Integrity? Tang camp just doesn't get it
Many tycoon supporters of Henry Tang Ying-yen are sticking with their scandal-plagued candidate to be the next chief executive. They fail to see what all the fuss is about. It's an open secret that many rich men in Hong Kong keep mistresses and have children with them. Not a few have large illegal structures or have annexed public space for private roads leading to their palatial homes.
But it's not just the upper crust that does these things, Tang's friends rationalise - everyone does it in Hong Kong. Cross-border workers keep mainland mistresses. Middle-class neighbourhoods are full of unauthorised structures. Given this, you can begin to see why Tang's backers are sticking to their guns. This is despite widespread outrage that they are ignoring public preferences as their candidate's popularity plummets.
Tang and his diehard supporters - who include many of the city's leading tycoons - just don't get it. Their public standing has diminished. Former monetary chief Joseph Yam Chi-kwong, for example, said Tang had learned a lesson. Cheung Kong Holdings vice-chairman Victor Li Tzar-kuoi said recent events did not change his view.
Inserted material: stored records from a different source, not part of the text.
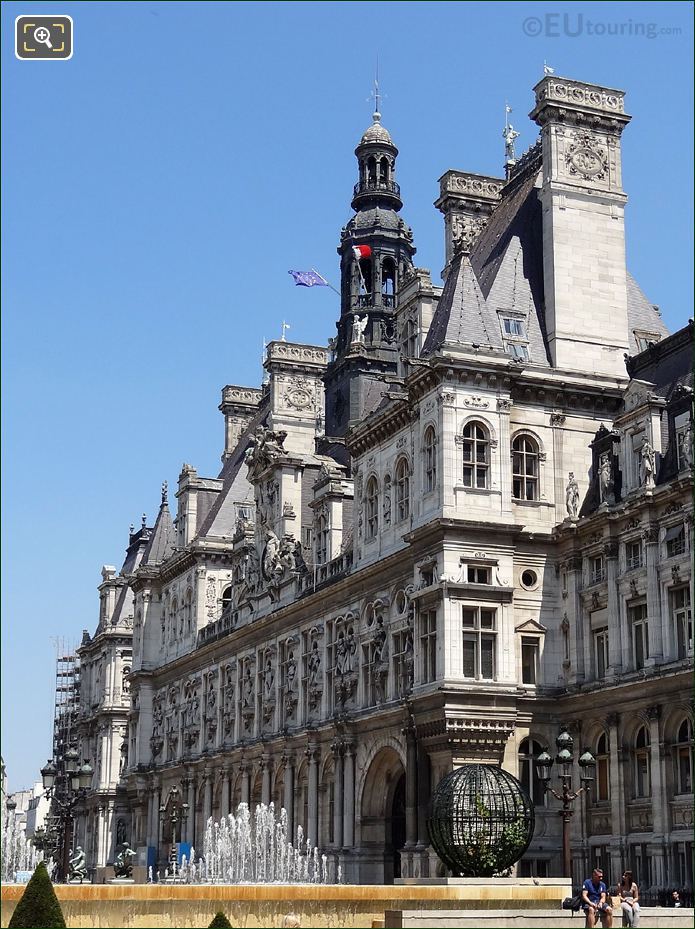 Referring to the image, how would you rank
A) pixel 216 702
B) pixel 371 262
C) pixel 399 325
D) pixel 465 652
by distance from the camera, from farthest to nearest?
pixel 371 262
pixel 216 702
pixel 399 325
pixel 465 652

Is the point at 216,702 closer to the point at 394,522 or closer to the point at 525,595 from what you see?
the point at 394,522

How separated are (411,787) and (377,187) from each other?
42.8m

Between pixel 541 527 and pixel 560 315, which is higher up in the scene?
pixel 560 315

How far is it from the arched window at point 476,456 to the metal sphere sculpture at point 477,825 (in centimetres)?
1427

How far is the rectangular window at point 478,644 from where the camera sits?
4747cm

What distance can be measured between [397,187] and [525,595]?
3960 centimetres

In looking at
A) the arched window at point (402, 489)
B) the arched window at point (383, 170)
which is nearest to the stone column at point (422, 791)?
the arched window at point (402, 489)

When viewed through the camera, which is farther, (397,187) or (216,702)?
(397,187)

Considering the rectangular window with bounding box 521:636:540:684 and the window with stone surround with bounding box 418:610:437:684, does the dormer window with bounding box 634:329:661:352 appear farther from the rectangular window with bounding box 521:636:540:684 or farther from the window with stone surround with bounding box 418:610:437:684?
the window with stone surround with bounding box 418:610:437:684

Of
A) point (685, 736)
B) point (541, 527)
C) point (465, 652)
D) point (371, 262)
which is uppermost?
point (371, 262)

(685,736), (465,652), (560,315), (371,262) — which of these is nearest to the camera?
(685,736)

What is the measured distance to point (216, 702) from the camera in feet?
246

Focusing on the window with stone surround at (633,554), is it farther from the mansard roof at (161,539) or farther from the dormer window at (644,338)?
the mansard roof at (161,539)

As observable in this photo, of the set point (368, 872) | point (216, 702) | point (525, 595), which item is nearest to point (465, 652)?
point (525, 595)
It's true that everyone makes mistakes, but it's how you own up that distinguishes an honest person from a dishonest one. Tang has paraded his wife twice now to clean up his mess - first for his infidelity and most recently to take the blame for building an illegal basement in her Kowloon Tong house. He should have confessed the basement problem and rectified it when Chief Executive Donald Tsang Yam-kuen - after admitting to an illegal structure in a Mid-Levels flat he owns - told ministers to check their own properties and clean up any illegal units. Tang did nothing and then obfuscated, as he still does with his extramarital affair(s), including an allegation of a child born out of wedlock. How can anyone lead Hong Kong without trust or credibility?